Duas coisas eram esperadas no julgamento pelo STF do recebimento da denúncia contra Bolsonaro pela suposta trama golpista: a primeira é que os cinco ministros do Supremo Tribunal Federal (STF) que compõem a Primeira Turma receberiam a denúncia de forma unânime — como de fato ocorreu. A segunda é que o ministro Alexandre de Moraes não perderia a oportunidade, tampouco os holofotes, para perder completamente o controle, se defender, responder a seus críticos e reforçar as narrativas dele próprio e do Supremo.

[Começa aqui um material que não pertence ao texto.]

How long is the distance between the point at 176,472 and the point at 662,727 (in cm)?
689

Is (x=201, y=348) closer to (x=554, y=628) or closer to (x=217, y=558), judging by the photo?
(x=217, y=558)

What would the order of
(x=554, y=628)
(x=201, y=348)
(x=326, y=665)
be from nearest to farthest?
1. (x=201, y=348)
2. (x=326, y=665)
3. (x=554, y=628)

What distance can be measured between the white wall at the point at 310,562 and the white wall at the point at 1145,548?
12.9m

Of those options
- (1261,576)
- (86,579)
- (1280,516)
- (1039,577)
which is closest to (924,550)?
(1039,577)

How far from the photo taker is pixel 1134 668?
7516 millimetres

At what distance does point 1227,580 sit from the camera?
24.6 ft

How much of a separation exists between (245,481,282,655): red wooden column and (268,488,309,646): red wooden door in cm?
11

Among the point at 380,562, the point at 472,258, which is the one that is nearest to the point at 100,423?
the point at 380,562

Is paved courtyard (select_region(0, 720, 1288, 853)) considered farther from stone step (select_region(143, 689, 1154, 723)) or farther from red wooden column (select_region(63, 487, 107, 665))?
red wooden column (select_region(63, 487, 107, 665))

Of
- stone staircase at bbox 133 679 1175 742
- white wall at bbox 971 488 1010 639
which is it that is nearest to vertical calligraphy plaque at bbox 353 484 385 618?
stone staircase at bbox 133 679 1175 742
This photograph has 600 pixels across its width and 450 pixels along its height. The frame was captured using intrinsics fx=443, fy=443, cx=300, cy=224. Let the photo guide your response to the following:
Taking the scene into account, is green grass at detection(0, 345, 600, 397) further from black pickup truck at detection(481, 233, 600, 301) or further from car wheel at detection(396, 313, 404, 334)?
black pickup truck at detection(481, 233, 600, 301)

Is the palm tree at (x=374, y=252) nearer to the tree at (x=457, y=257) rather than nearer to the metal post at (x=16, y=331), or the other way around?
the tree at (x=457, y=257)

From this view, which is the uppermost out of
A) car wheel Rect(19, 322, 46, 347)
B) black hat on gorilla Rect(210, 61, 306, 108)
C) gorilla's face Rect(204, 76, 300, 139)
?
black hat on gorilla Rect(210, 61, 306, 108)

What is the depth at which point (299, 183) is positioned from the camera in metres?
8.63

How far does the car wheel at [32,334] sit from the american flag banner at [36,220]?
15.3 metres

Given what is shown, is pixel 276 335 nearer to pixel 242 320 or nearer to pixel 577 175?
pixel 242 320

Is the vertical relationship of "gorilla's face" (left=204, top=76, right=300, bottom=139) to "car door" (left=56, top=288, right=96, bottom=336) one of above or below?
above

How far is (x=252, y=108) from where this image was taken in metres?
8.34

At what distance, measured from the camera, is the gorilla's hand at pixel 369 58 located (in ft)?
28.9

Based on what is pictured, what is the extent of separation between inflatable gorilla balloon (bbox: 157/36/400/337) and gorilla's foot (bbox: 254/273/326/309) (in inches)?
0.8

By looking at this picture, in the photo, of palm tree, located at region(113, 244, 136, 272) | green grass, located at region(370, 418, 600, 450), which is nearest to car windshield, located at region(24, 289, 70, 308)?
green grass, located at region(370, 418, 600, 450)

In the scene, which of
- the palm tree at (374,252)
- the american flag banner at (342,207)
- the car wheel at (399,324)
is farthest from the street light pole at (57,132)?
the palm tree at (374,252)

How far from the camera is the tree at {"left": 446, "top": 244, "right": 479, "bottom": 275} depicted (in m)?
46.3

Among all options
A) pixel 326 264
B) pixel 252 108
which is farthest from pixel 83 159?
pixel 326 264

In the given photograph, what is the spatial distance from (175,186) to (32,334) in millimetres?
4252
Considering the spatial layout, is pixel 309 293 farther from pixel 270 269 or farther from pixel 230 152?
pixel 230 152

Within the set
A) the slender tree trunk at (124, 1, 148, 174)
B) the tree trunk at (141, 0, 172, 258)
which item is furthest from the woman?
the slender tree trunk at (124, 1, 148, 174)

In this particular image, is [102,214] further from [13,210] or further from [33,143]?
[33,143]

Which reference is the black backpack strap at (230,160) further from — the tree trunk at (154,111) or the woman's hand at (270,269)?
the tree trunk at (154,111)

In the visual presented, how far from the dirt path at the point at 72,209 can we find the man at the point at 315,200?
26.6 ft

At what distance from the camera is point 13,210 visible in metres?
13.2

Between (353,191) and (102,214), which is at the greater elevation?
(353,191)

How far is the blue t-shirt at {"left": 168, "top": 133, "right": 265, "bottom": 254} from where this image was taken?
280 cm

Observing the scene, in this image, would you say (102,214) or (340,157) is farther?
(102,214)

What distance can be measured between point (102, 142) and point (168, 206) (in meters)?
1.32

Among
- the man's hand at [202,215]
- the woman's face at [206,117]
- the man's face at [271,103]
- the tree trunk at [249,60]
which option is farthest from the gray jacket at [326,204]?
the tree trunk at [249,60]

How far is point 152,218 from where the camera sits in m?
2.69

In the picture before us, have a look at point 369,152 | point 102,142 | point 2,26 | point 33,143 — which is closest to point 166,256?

Por isso, o recebimento da denúncia não surpreendeu. O STF já deixou claro que Bolsonaro está previamente condenado — como os ministros admitem para a imprensa, em off, dia sim e outro também. O recebimento da denúncia, portanto, é apenas uma das etapas que os ministros precisam riscar do checklist até chegar à condenação, num julgamento relâmpago. É um verdadeiro espanto: o mesmo tribunal que demorou mais de sete anos para julgar o Mensalão encerrará um caso de proporções semelhantes em cerca de oito meses. É coisa para o Guinness Book, o livro dos recordes.
Já em relação ao segundo ponto, a surpresa foi que Moraes entregou uma performance ainda melhor do que poderíamos imaginar. Que ele se descompensaria durante o julgamento era muito provável — mas que entregaria uma atuação digna de Oscar foi, de fato, surpreendente. Já na análise das preliminares, na terça-feira (25), Moraes não resistiu: ao tratar da competência do Supremo para julgar o caso, desviou completamente do tema e passou a comentar algo sem qualquer relação com o processo — pediu licença para “desmentir uma narrativa”.
E que narrativa seria essa? A de que o STF estaria condenando "velhinhas com a Bíblia na mão" que teriam saído para um passeio de verão em 8 de janeiro de 2023. Em qualquer democracia respeitável, essa fala deveria causar repúdio imediato. Como juiz e relator do caso, não cabe a Moraes “desmentir narrativas” — isso é papel de políticos, da imprensa e da Procuradoria-Geral da República (PGR). Assistir a um juiz fazer isso em pleno julgamento é como ver um jogador de futebol realizar uma cirurgia cardíaca: simplesmente não faz o menor sentido. Ao mesmo tempo, isso diz muito sobre o viés político do julgamento e, sobretudo, o desejo de controlar a narrativa.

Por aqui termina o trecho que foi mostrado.